English Language class - Lunar New Year Menu Recipe Project
Since the Lunar New Year is about to come, we had a discussion about how different countries celebrate the new year around this time. To help out with the Perkiomen Lunar New Year dinner tradition, students were asked to pick one cuisine that they really wanted to have for the dinner and they had to make sure their cuisines were culturally appropriate and budget wise. Besides, students researched online about the recipes for their cuisines and modified them based on their home recipes. They had a fantastic time figuring out how to translate ingredients' names and cooking methods from their native languages to English. Some of them also reached out to their parents and grandparents for supports.
English Language class - Film lessons
We have film lessons from time to time and students love it. I begin the class by asking them a question that is somewhat related to the topic or theme of the film. Then, students study the target vocabulary and expressions and have a group discussion to help them better understand the theme. Finally, we watch the short film and discuss our predictions of the story, the message of the film, and other higher-level thinking questions, such as "What makes us different from each other?" and "Why should we treasure every single minute of our life?".
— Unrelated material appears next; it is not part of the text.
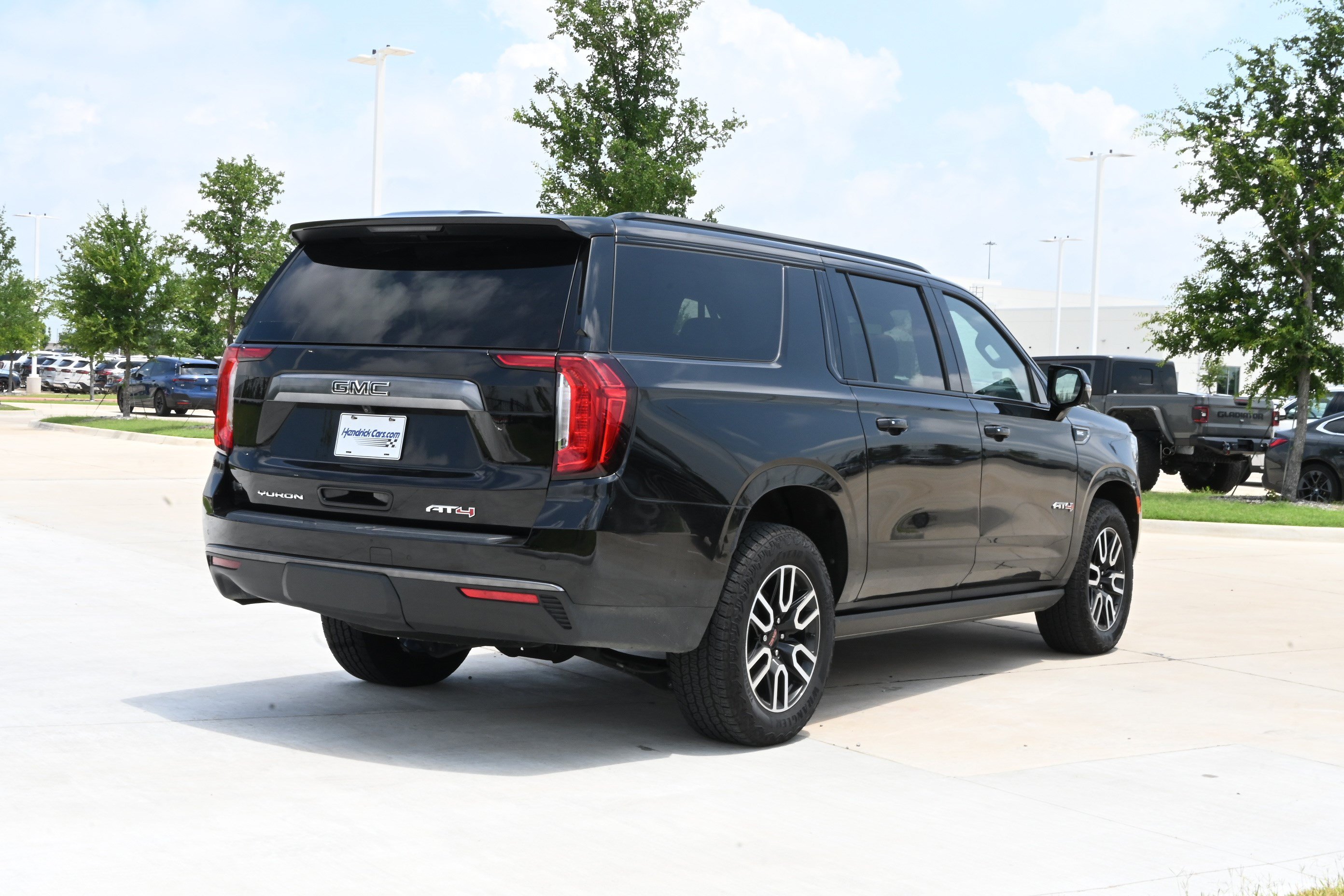 Used 2023 GMC Yukon XL AT4 w/ AT4 Premium Package AWD/4WD image 7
English Language class - Job Hunting Interview
The topic of unit 1 in our textbook is "offbeat jobs", so students prepared and practiced targeted vocabulary and phrases in this speaking activity. Half of the class was interviewers while the other half was interviewees. Our little employers came up with creative company ideas, such as "Frank's Lawyer Group", "Sherry's Jewelry Shop", "James' Car Company", and "Tracy's Clothes Design Store". Our little job hunters tried really hard to convince that they were the best candidate ever for the job. Luckily, everyone got hired at the end of the class!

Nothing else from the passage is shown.